Conductor...............Wilfred Pelletier

Review of A. J. Warner in the Rochester Times-Union

"Carmen" Delights Audience

A raging blizzard accompanied last year's visit of the Metropolitan Opera Association to Rochester. Balmy May weather prevailed for this season's performance, but even so the Eastman Theater last night was by no means filled to capacity. There was a large audience, nevertheless, and one sensed its deep pleasure in the work chosen for presentation, which was Bizet's "Carmen," one of the three or four most perfect operas ever written - perfect in the utter harmony of the music and the libretto, with the score and the book forming a complete unit.

People are sometimes apt to take "Carmen" for granted as a tuneful, familiar score in which the resplendent "Toreador" solo receives the first tribute of public admiration and with the "Habanera" and the "Segudilla" of the first act, also sure of a warm reception, whereas the glorious qualities of the opera really place it with Mozart's "Don Giovanni," Wagner's "Die Meistersinger," and Puccini's "La Bohème" in the kind of matchless classification every note of the music reflecting the meaning of the mood and the words it accompanies. This seemed to be borne in upon last evening's assemblage, perhaps subconsciously, for there was the sort of absorption in the proceedings that only a masterwork brings forth.

The fact that, while the performance was dramatic and lyrically worthy of the illustrious Metropolitan, it was not a great one, served all the more powerfully to illustrate the superb quality of the opera itself - an opera which stands among the immortals. The stage of the Eastman seemed to be somewhat cramped and to "compress" the settings which would not, under the circumstances, give much of an illusion of space, and there was one moment, in the second act, when a door of the inn became a bit recalcitrant just as Mr. Martinelli was about to make his entrance. Yet these things were superficial, and in no way kept Bizet's magnificent and fascinating music from working its accustomed spell.

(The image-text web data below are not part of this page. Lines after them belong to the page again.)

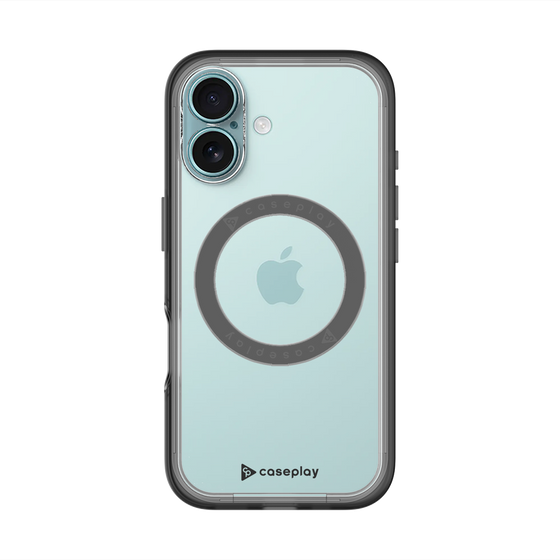 スリムプロテクションプレミアムケース with MagSafe［ オリジナル - caseplayロゴ - ブラック/A ］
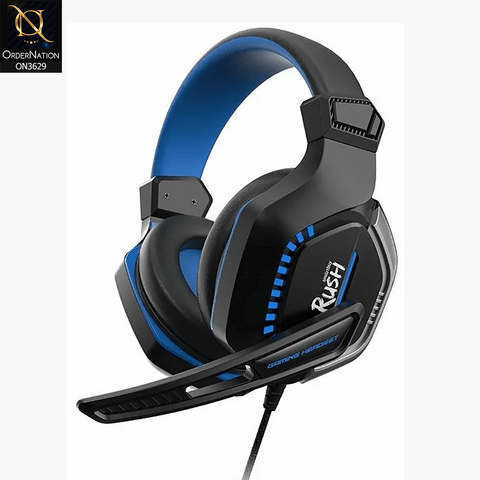 Blue - SMART BUY RUSH CRUSH'EM GAMING HEADSET WITH MICROPHONE AND LED BACKLIGHT COMPATIBLE WITH PC, LAPTOP, MOBILE AND GAMING CONSOLES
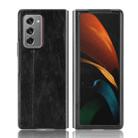 For Samsung Galaxy Z Fold2 / Z Fold2 5G Shockproof Sewing Cow Pattern Skin PC + PU + TPU Case(Black) - 1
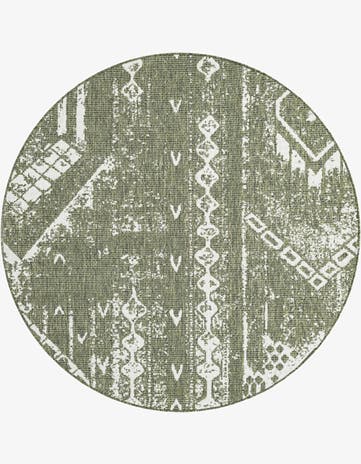 6' x 6' Easy-Clean Bohemian Indoor / Outdoor Round Rug
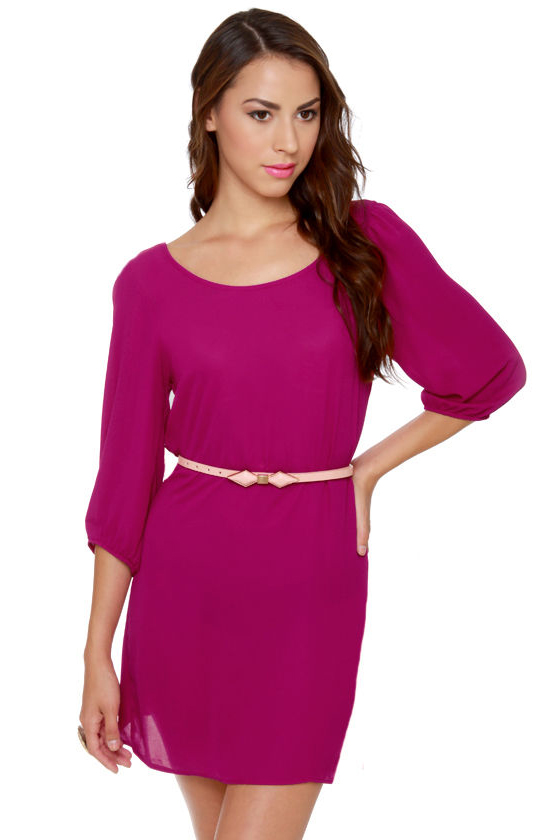 Gem of the Woods Belted Magenta Dress
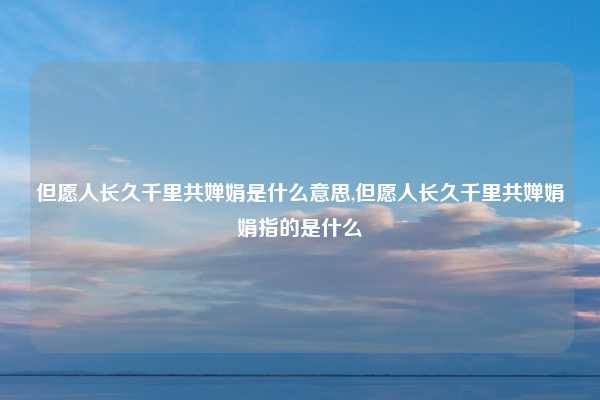 但愿人长久千里共婵娟是什么意思,但愿人长久千里共婵娟娟指的是什么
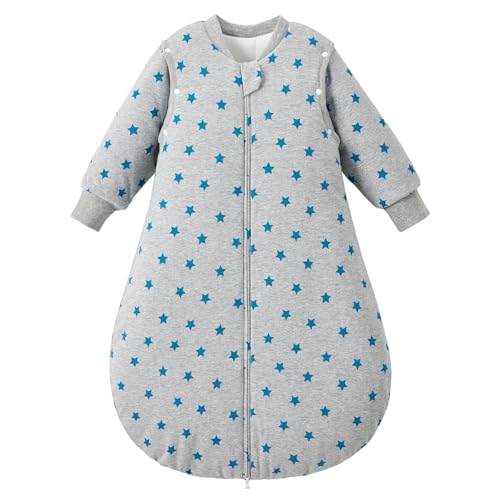 Duomiaomiao 3.5 TOG Baby Sleep Sack 100% Cotton Winter Long Sleeve Baby Wearable Blanket, Super Warm Quilted Comfy Toddler Sleeping Sack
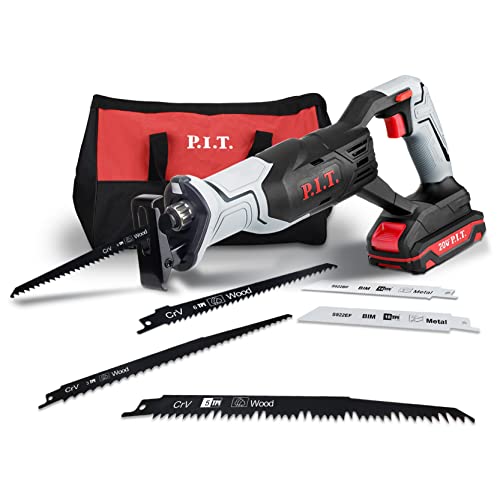 P.I.T. Power Reciprocating Saw, 20V Cordless Reciprocating Saw with 2.0Ah Batteries and Charger, 6 Saw Blades, Variable Speed, Battery Powered Saw for Woods/Metal/Plastic Cutting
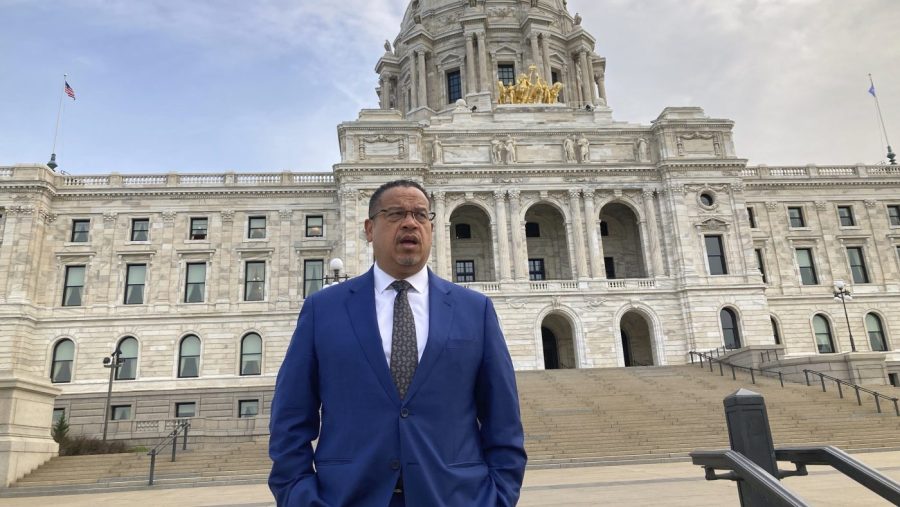 Minnesota Attorney General Keith Ellison stands outside the State Capitol in St. Paul, on Thursday, May 18, 2023, for an interview with The Associated Press on his new book, "Break the Wheel: Ending the Cycle of Police Violence," will be released Tuesday, May 23, 2023. Minnesota prosecutors were so worried a judge would move the murder trial of former Officer Derek Chauvin out of the city where he killed George Floyd that they conducted a mock trial in a deep red rural county to test their strategy, Ellison reveals in the new book. (AP Photo/Steve Karnowski)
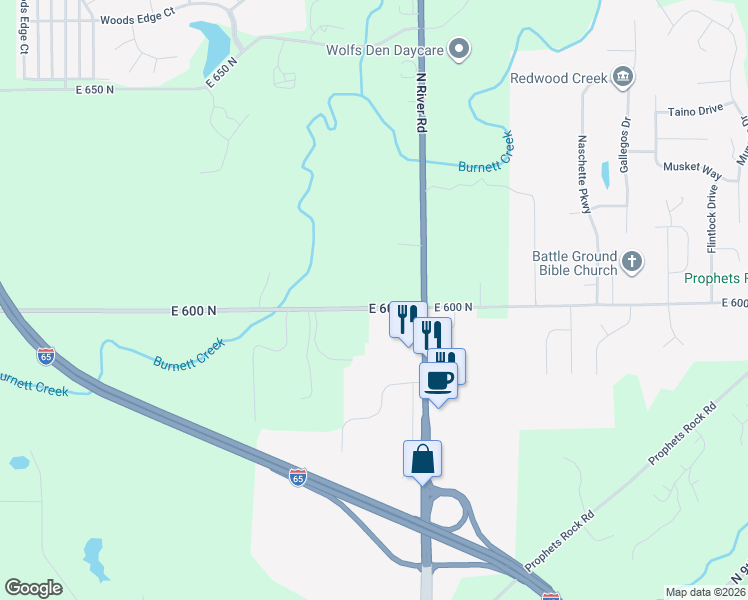map of restaurants, bars, coffee shops, grocery stores, and more near 1910 East 600 North in West Lafayette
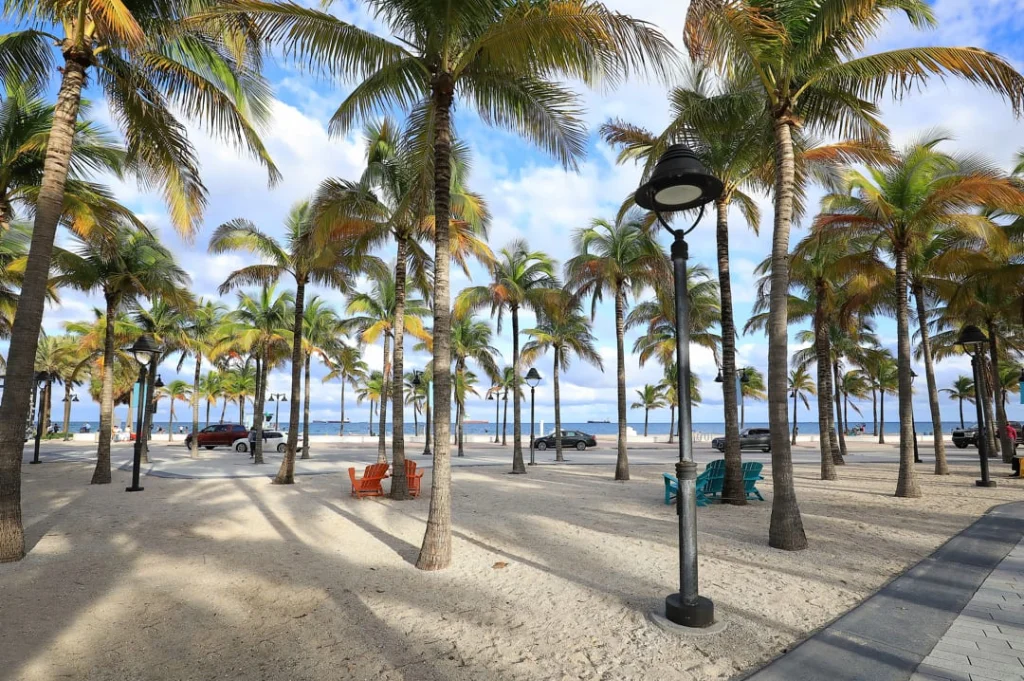 Zandpad tussen hoge palmbomen bij het strand van Fort Lauderdale met lantaarnpalen, gekleurde strandstoelen en geparkeerde auto's in de verte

There may be no "great" Carmens today, great as was Calvé's and histrionically electric as was Mary Garden's, but Gladys Swarthout made the role charming and arresting. She was lovely to look at, and she has a beautiful voice. Her Carmen was a coquette, instead of a wanton. She was a woman unscrupulous, seductive, hard, who knew well the game of life and played it her way regardless of the consequences, although she was never a vulgarian. She sang alluringly, both in the role's famous arias and in the less well-known and equally enchanting melodies which Bizet has so richly provided.

Wins Ovation

To Micaela fall so comparatively few passages that they are hardly as definite as a "leit-motif." These same passages, however, are endowed with a magic beauty and reflect the composer's skill at characterization through the medium of music. Licia Albanese sang them so exquisitely that she won a personal ovation. So, too, the quintet of the smugglers, early in the third act, one of the most attractive numbers in the opera, and the duet of the fortune-tellers stood out as being especially beguiling, while the interweaving of the trumpet-recall with Carmen's dance, and the baleful phrase that expresses her evil influence over Don José illustrated Bizet's consummate taste and brilliancy.

Giovanni Martinelli, the veteran tenor, was the Don José and Richard Bonelli appeared as Escamillo. Thelma Votipka was Frasquita and Helen Olheim sang the part of Mercedes.

While the incidental dances at the beginning of act four were apparently to the liking of the audience, they seemed to break the dramatic spell of that always intense scene, which by the very nature of the plot has to move apace.

Wilfred Pelletier conducted in able fashion, and with unfailing musicianship.